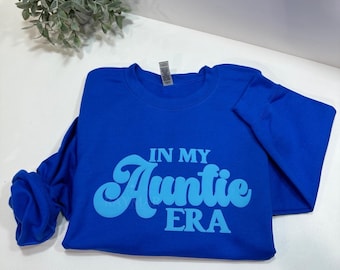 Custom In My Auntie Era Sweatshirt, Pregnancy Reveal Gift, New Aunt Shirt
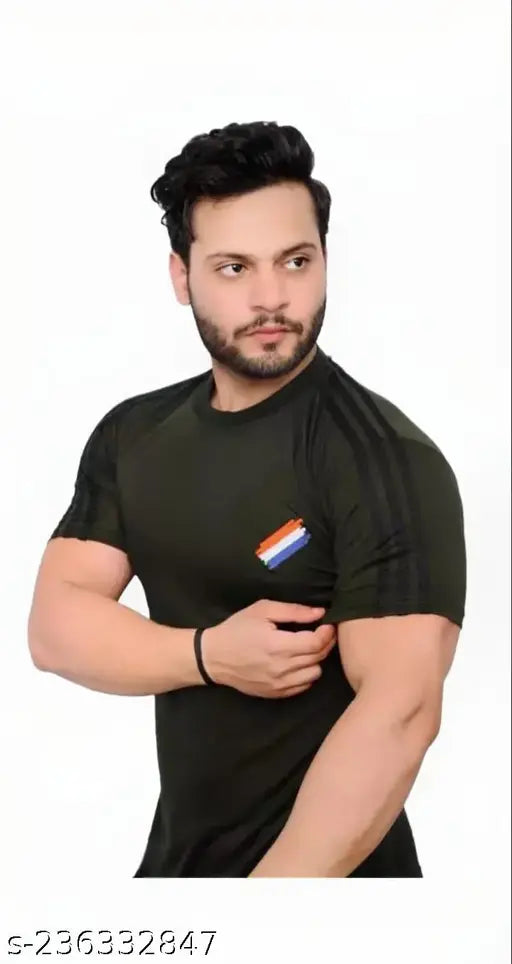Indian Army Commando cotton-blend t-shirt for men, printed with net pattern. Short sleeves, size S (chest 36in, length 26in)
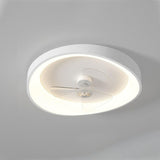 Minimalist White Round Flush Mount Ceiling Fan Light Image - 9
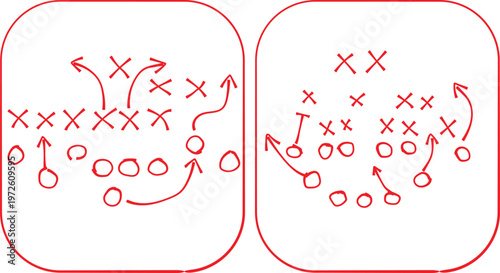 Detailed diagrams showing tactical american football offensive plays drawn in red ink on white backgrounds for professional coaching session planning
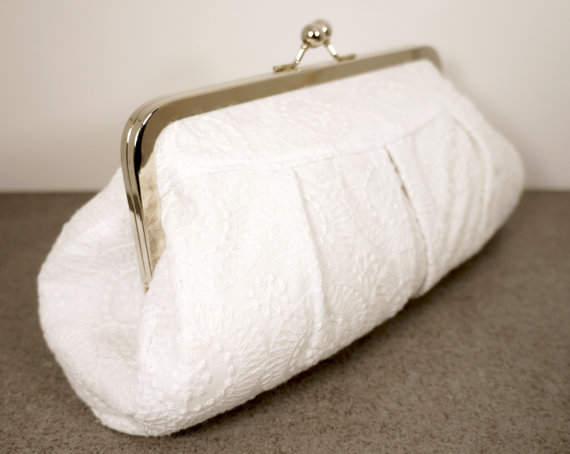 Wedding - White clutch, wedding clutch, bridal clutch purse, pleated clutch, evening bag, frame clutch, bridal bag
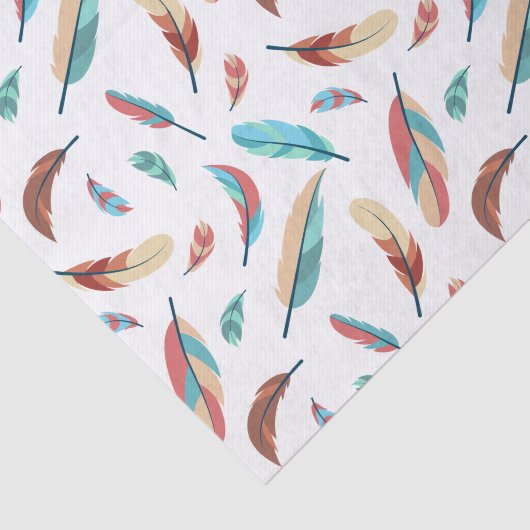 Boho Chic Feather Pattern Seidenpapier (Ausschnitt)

● **Task brief**
Set down exactly the lines of the entries above from the one holding "Indian Army Commando" through the last one, including both, with the pictures left out.

● **Response area**
Indian Army Commando cotton-blend t-shirt for men, printed with net pattern. Short sleeves, size S (chest 36in, length 26in)
 Minimalist White Round Flush Mount Ceiling Fan Light Image - 9
 Detailed diagrams showing tactical american football offensive plays drawn in red ink on white backgrounds for professional coaching session planning
 Wedding - White clutch, wedding clutch, bridal clutch purse, pleated clutch, evening bag, frame clutch, bridal bag
 Boho Chic Feather Pattern Seidenpapier (Ausschnitt)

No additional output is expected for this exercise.